I have some questions involving in the answer of the question in this link.
The excerpts said that the convergence $$\binom{n}{k}p^kq^{n-k}\sim\dfrac{1}{\sqrt{2\pi npq}}e^{-x_k^2/2},$$ is uniform with respect to $k$. What is "with respect to $k$" means? Why is it uniform? I am confused with this because we have a uniform convergent sequence like $f_n(x)=x^n/n$ for $x\in(0,a)$ with fixed $a<1$. Do we have that this $x^n/n$ converges uniformly with respect to $x$ or what is it actually?
How can we show that this statement means that the left hand side converges uniformly? Since $k$ depends on $n$ in the sense that $n\rightarrow \infty$ and so does $k$ as in $(7.3.14)$. This really confuses me as the example $f_n(x)$ an $x$ and $n$ are independent. The uniform convergence concerns $2$ variables in function?

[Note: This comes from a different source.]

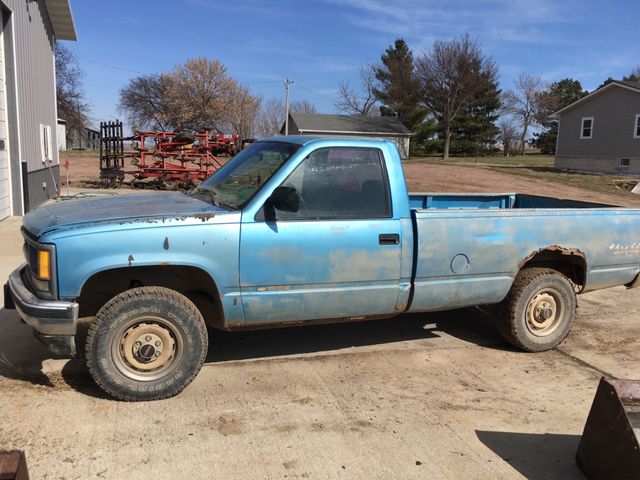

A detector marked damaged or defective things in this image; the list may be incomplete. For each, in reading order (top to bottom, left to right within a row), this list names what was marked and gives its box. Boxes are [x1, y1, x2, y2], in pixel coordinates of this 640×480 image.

Furthermore, the uniform thing here is important as we can calculate the right in the sum $$\sum_{a< x_k\le b}\dfrac{1}{\sqrt{2\pi npq}}e^{-x_k^2/2}$$ instead of the left one (to prove $\int e^{-x^2/2}dx$ things)? It seems make sense (if it is uniform?) that the uniform summand can be exchanged between limit (of its asymptotic) and integral (in the range $(a,b)$) and we can obtain the result $(7.3.19)$. Please forgive my stupidities and thank you for your reply in advance.